Having a thermal pad does wonders. A PLCC package, in socket or not, has to 
dissipate heat mainly through its body, because heat transfers to other 
parts of the board only via legs. In practice, almost all power is 
dissipated through plastic. Thermal pad allows to mostly transfer the heat 
to other metal bodies (copper area). However, the 3,4W is alot of heat and 
looking at conditions for such continous dissipation, the whole concept of 
a small PCB area is lost - 3x4" 4-layer board ( I assume that 3 layers are 
connected to the pad). In reality I doubt dissipating more than 1W on such 
piece would be allowable with thermal vias to other side and half a square 
inch of plane on the other side. However, judging from the datasheet, you 
can safely drive 3 CD-47 (with their 25mA cathode current) and still be way 
under 1W.

Back to the spacing topic: 
Mains voltage routing norms are way more strict than that. Mains isolation 
is calculated using alot higher voltage, I recall a number about 1200Vpp. 

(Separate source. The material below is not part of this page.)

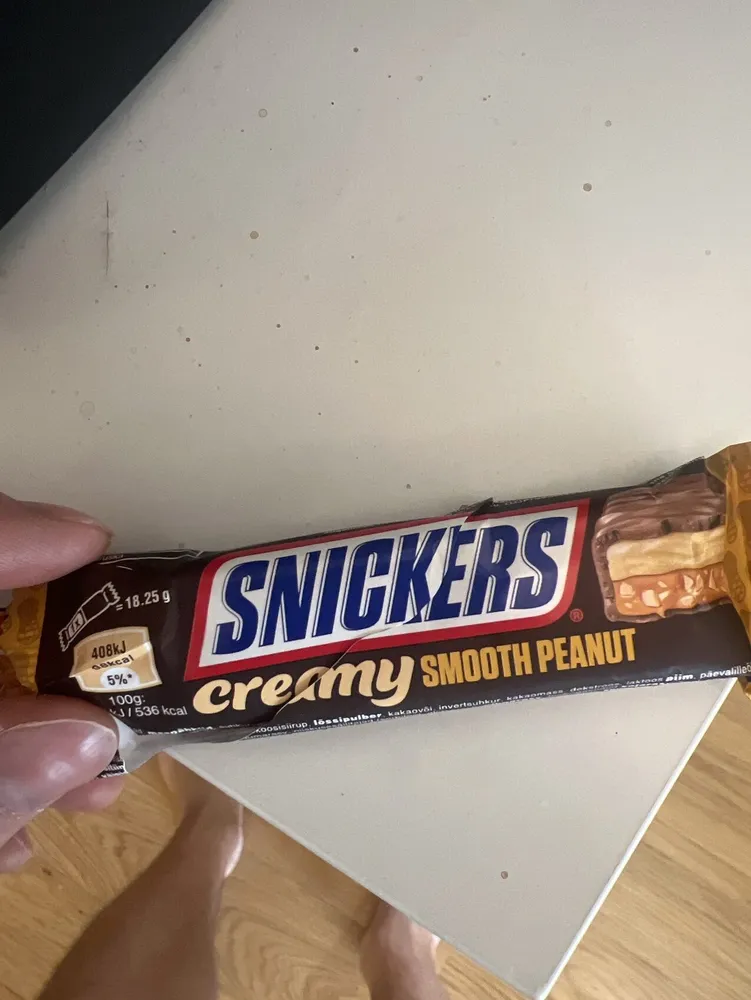 Snickers Creamy Smooth Peanut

Some norms I found require that the mains voltage should be at absolute 
minimum spaced 1,5mm from other traces and 2mm is recommended for basic 
design (and 4mm between primary and secondary). The norms I've taken for 
calculating minimum spacing were included in online clearance calculators 
and they assume the given voltage is peak AC or DC.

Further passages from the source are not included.